Seminar in Empirical Microeconomics - Opting Out of Centralized Collective Bargaining: Evidence from Italy
Time
Thursday, 24. October 2024
12:00 - 13:15
Location
G308
Organizer
Chair of Economic Policy
Speaker:
Chiara Lacava (Goethe University Frankfurt)
Opting Out of Centralized Collective Bargaining: Evidence from Italy
(joint with Christian Dustmann, Chiara Giannetto, Lorenzo Incoronato, Vincenzo Pezone, Raffaele Saggio and Benjamin Schoefer)

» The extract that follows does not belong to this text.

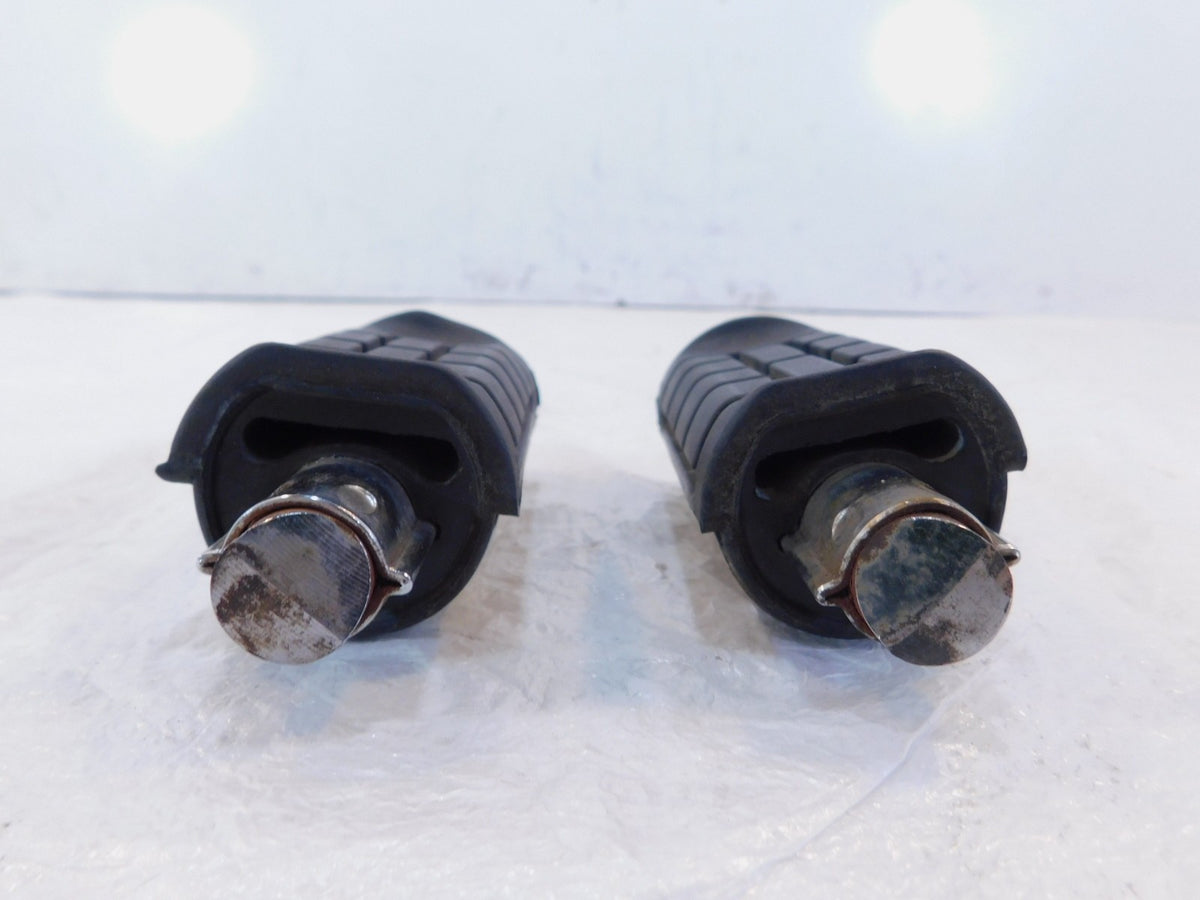 Honda Shadow 1100 & GL1500 Valkyrie & VTX1800 Rear Passenger Footpeg Footrests - C3 Cycle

Abstract: We estimate the effects of employers’ opting out of heavily centralized collective bargaining agreements. Our analysis studies two emerging cracks in the rigid system in Italy, where all employers are mandated to pay occupation-specific wage floors specified in national agreements. First, we study the coordinated opt-out by large retailers from their employer association in 2011. Second, we examine the emerging loophole of individual employers evading into lower-wage “pirate agreements.” Merging contract data to matched employer-employee data, we implement a harmonized matched event-study design for both events. Our results show that workers whose employer opts out experience wage losses—and a higher employment probability. On average, our evidence is consistent with the competitiveness hypothesis of opting out, and with the presence of rationed labor supply in Italy, whereby wage cuts raise employment, at least at the level of the individual employer that opts out.